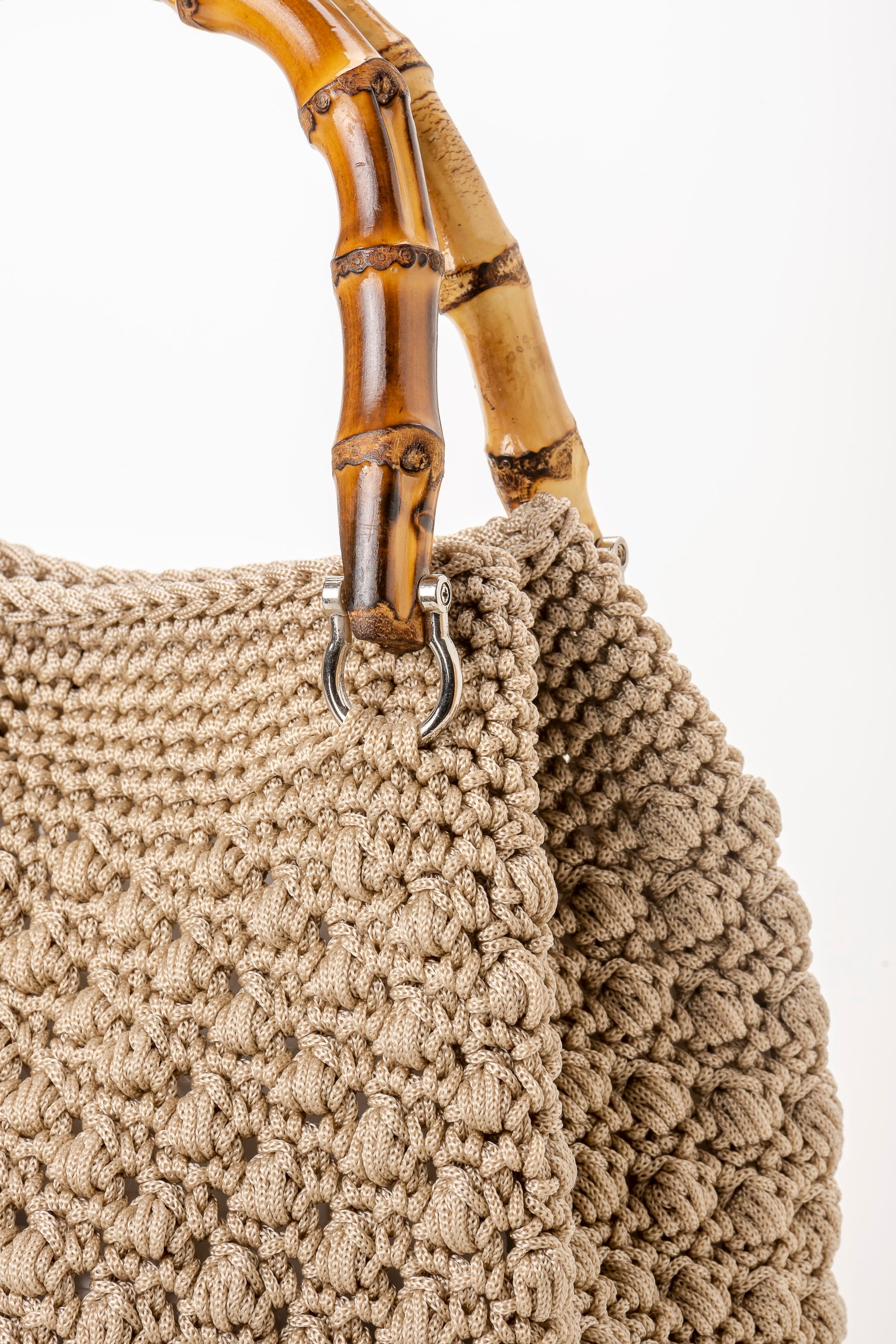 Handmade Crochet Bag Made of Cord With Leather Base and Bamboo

==

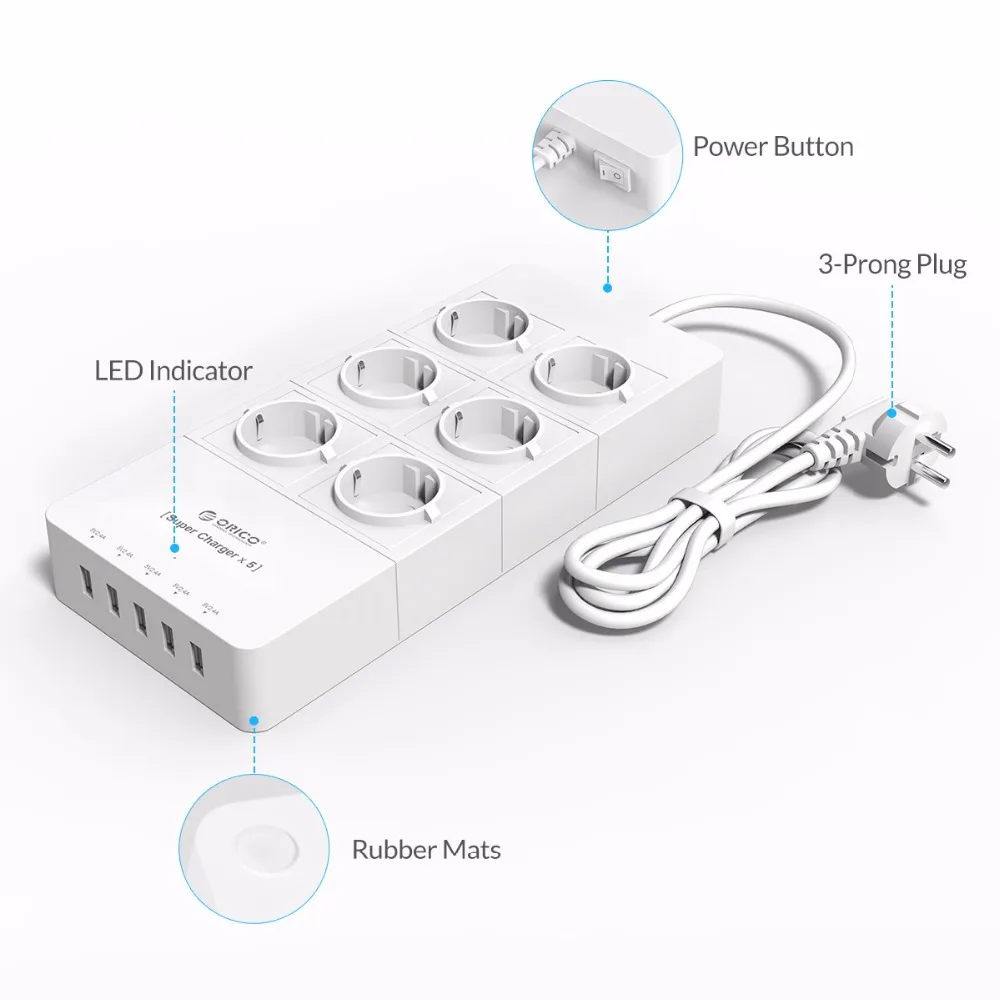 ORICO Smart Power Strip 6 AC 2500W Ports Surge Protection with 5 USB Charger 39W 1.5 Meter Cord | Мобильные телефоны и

* * *

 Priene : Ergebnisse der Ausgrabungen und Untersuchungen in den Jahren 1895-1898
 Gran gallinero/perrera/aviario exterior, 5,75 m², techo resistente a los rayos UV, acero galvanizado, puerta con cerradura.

## Task details:
Look above for the line holding "Priene : Ergebnisse". Print it and every line after it, exactly, through the line holding "Gran gallinero/perrera/aviario exterior, 5,75".

## Result of the task:
 Priene : Ergebnisse der Ausgrabungen und Untersuchungen in den Jahren 1895-1898
 Gran gallinero/perrera/aviario exterior, 5,75 m², techo resistente a los rayos UV, acero galvanizado, puerta con cerradura.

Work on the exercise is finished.